2) Les taux de conversion ne peuvent pas être arrondis ou tronqués lors des conversions.

3) L'utilisation du taux inverse dans les fonctions de conversion est interdite.

4) Si l'on transforme des francs en euros, il faut diviser le montant initial par le taux de conversion ; si l'on transforme les euros en francs, il faut multiplier le montant initial par le taux de conversion. Toutes les conversions (des monnaies nationales vers l'euro ou de l'euro vers les monnaies nationales ) devront prévoir six chiffres significatifs, avec un arrondi au-dessus ou au-dessous, en fonction de la décimale suivante. Si l'application du taux de conversion donne un résultat qui se situe exactement au milieu, la somme est arrondie au chiffre supérieur. Toute somme d'argent à convertir d'une unité monétaire nationale dans une autre doit d'abord être convertie dans un montant exprimé dans l'unité euro ; ce montant ne pouvant être arrondi à moins de trois décimales est ensuite converti dans l'autre unité monétaire nationale.

5) La conversion en euros des comptes des entreprises va donner lieu à des arrondis, l'article 5 du règlement n° 1103/97 du Conseil, du 17 juin 1997 prévoit que " les sommes d'argent à payer ou à comptabiliser, lorsqu'il y a lieu de les arrondir après conversion dans l'unité euro conformément à l'article 4 sont arrondies au cent supérieur ou inférieur le plus proche. Les sommes d'argent à payer ou à comptabiliser qui sont converties dans une unité monétaire nationale sont arrondies à la subdivision supérieure ou inférieure la plus proche ou, à défaut de subdivision, à l'unité la plus proche ou, selon les lois ou pratiques nationales, à un multiple ou à une fraction de la subdivision ou de l'unité monétaire nationale. Si l'application du taux de conversion donne un résultat qui se situe exactement au milieu, la somme est arrondie au chiffre supérieur."
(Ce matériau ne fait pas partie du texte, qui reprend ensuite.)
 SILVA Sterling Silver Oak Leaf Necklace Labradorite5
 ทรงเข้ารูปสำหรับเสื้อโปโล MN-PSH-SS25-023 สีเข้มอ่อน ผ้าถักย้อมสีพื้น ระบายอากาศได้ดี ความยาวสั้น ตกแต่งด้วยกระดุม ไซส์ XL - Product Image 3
B. LES PROBLEMES SOULEVES EN DROIT FRANCAIS ET LA SOLUTION APPORTEE PAR LE PRESENT ARTICLE


L'apparition de légers écarts d'arrondis pourrait obliger les entreprises à comptabiliser des profits ou des pertes.

Or actuellement, une telle comptabilisation n'est pas possible. En effet, le deuxième alinéa de l'article 13 du code de commerce pose le principe de l'interdiction et de la compensation dans un même compte de charges et de produits.

Cet article dispose en effet que "les éléments d'actif et de passif doivent être évalués séparément.

"Aucune compensation ne peut être opérée entre les postes d'actif et de passif du bilan ou entre les postes de charges et de produits du compte de résultat.

"Le bilan d'ouverture d'un exercice doit correspondre au bilan de clôture de l'exercice précédent."


C'est pourquoi le présent article, par dérogation à l'article 13 du code de commerce précité, prévoit que "les différences d'arrondis de conversion résultant de l'application des règles d'arrondissement propres à l'introduction de l'euro sont inscrites en résultat pour leur montant net" .

Décision de la commission : votre commission vous propose d'adopter le présent article sans modification.